From Casetext: Smarter Legal Research

Hines v. Fanti

Supreme Court of Pennsylvania
Jun 26, 1953
97 A.2d 808 (Pa. 1953)

Summary

In Hines v. Fanti, 374 Pa. 254, witnesses to the collision between two automobiles resulting in a fatality were also lacking, but we upheld a verdict which was based on circumstantial evidence: "Although it is true that there was no ocular evidence of the kiss of death between the two vehicles, the circumstances proved the nature of the fatal encounter as vividly as any human voice could describe.

Summary of this case from Weshalek v. Weshalek

Opinion

June 1, 1953.

June 26, 1953.

Negligence — Automobiles — Evidence — Circumstantial evidence — Sufficiency.

In this suit to recover for wrongful death, in which plaintiff contended that defendant in operating his truck negligently overtook and attempted to pass the truck operated by decedent, and in the course of doing so collided with the latter truck, whereupon it went out of control, and there was no direct evidence as to the actual contact between the two vehicles, it was Held, upon a review of the evidence, that there was sufficient circumstantial evidence to establish the fact that the defendant's truck had negligently collided with that driven by the decedent.

Argued June 1, 1953. Before STERN, C. J., STEARNE, JONES, BELL, CHIDSEY, MUSMANNO and ARNOLD, JJ.

Appeal, No. 167, Jan. T., 1953, from judgment of Court of Common Pleas of Luzerne County, Dec. T., 1951, No. 975, in case of G. Marie Hines, Admrx., Estate of Howard D. Hines, deceased v. Aldo S. Fanti and Jerry Rubbico. Judgment affirmed.

Trespass for wrongful death. Before JONES, P. J., specially presiding.

Verdict for plaintiff and against defendants, in total sum of $25,000 in favor of plaintiff, administratrix, in sum of $20,000, for widow and children of decedent, and in sum of $5,000, for estate of decedent, and judgment thereon. Defendants appealed.

E. C. Marianelli, with him Gomer W. Morgan, for appellants.

Max Rosenn, with him Harold Rosenn and Rosenn Rosenn, for appellee.
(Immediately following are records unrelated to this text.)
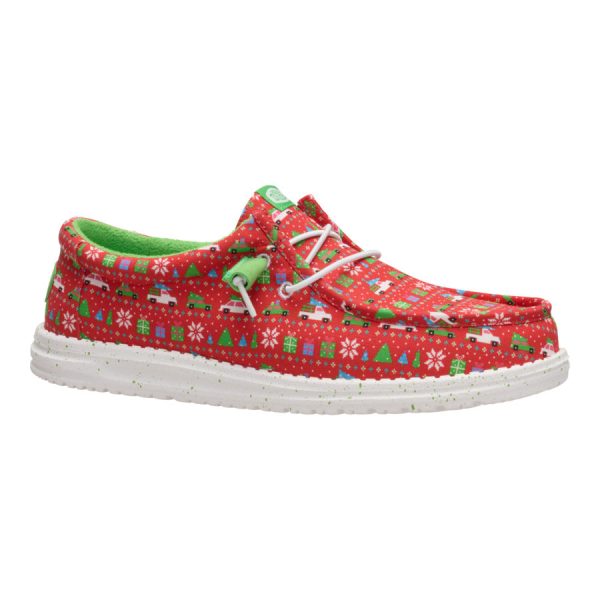 Wally Holiday Sweater - Red/Green/Multi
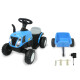 Ride-on tracteur New Holland avec remorque bleu 6V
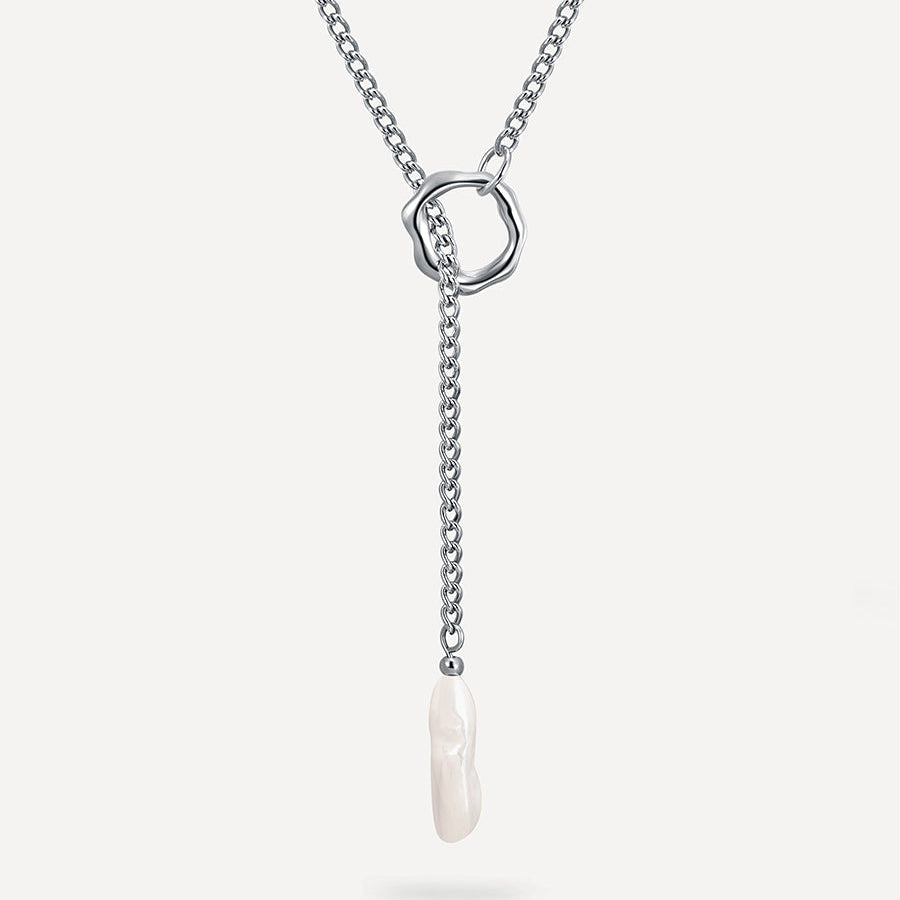 Orbital Pearl Necklace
On April 26, 1951, Howard Hines, a driver of eighteen years' experience, sat at the wheel of his eight-ton International truck as it rolled southwardly along Route 11, a three-lane highway, on the way from West Nanticoke to Hunlock's Creek, both in Luzerne County, Pennsylvania. It was 8 o'clock in the morning, the weather clear and dry, the visibility good, when Hines, overtaking a nine-ton GMC truck, passed uneventfully around it and returned to his side of the highway. The GMC truck, (driven by Aldo S. Fanti), routinely followed in the wake of the Hines truck until both vehicles reached the bottom of a slow descent and then began a slight ascent. Suddenly the Hines truck veered to the right, travelled some 100 feet on the berm or "embankment" flanking the roadway, ran into a retaining wall, and climbed the barrier until momentum and gravity threw it back into a half somersault. It finally came to rest, overturned, partly in the southbound and partly in the center lane of the road, Hines crushed to death in the demolished cab.

G. Marie Hines, his widow, as administratrix of his estate, and on behalf of herself and three minor children, brought suit against Aldo S. Fanti, the operator, and Jerry Rubbico, the owner of the GMC truck, charging that Fanti, in seeking to pass Hines on the highway, struck the left rear portion of the Hines truck, forcing it off the highway and into the culminating disaster. At the ensuing trial, the jury returned a $25,000 verdict for the plaintiff and against both defendants, who have appealed for a judgment non obstante veredicto.

For convenience and clarity in narration and exposition the truck driven by Fanti will be referred to here as the Fanti truck, and the truck driven by the decedent will continue to be called the Hines truck.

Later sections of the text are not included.